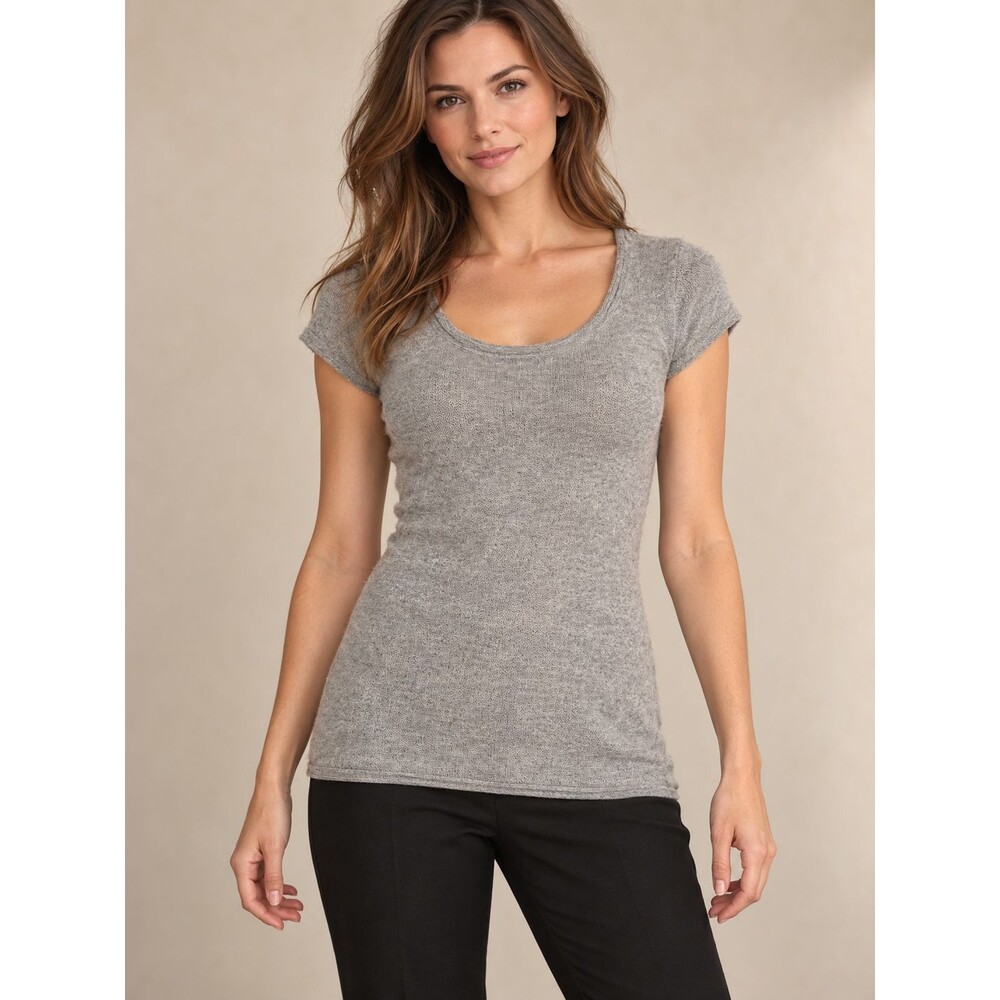 BCBGMAXAZRIA Sweater Top Womens XS Gray Cotton Cashmere Scoop Neck Cap Sleeve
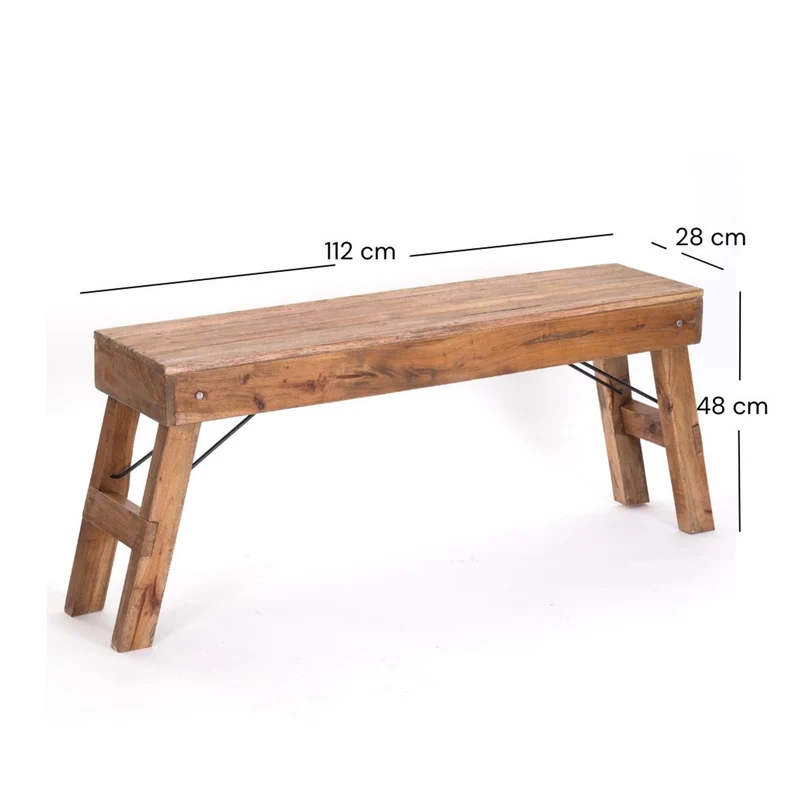 KÜCHENBANK "ALDO" | faltbar, 112x48x28 cm (LxHxB) | Holzbank | Farbe: 01 natur-vintage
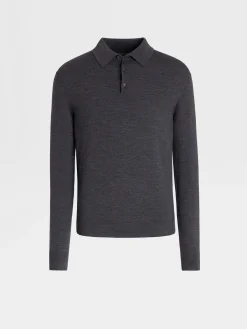 Polo Shirts|Sweaters>ZEGNA Dark Grey 12milmil12 Wool Polo DarkGrey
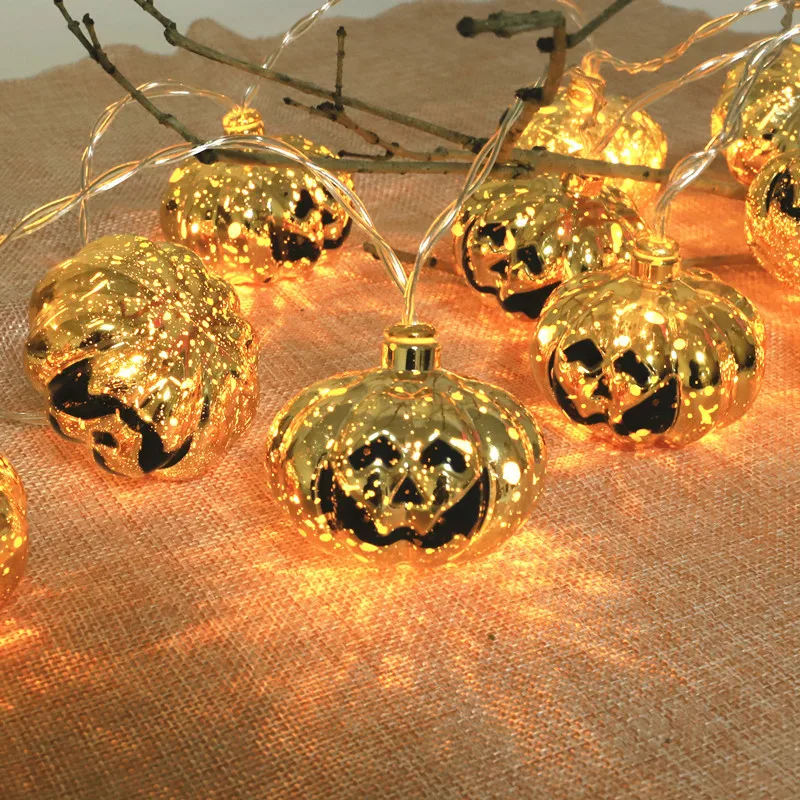 Led Halloween String Lights AA Battery Operated Copper Wire LED Pumpkin Fairy String Lights LED Halloween Holiday String Light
═══
The task | Go through the listing above and write it all out exactly, leaving out any picture.

Written solution |
 BCBGMAXAZRIA Sweater Top Womens XS Gray Cotton Cashmere Scoop Neck Cap Sleeve
 KÜCHENBANK "ALDO" | faltbar, 112x48x28 cm (LxHxB) | Holzbank | Farbe: 01 natur-vintage
 Polo Shirts|Sweaters>ZEGNA Dark Grey 12milmil12 Wool Polo DarkGrey
 Led Halloween String Lights AA Battery Operated Copper Wire LED Pumpkin Fairy String Lights LED Halloween Holiday String Light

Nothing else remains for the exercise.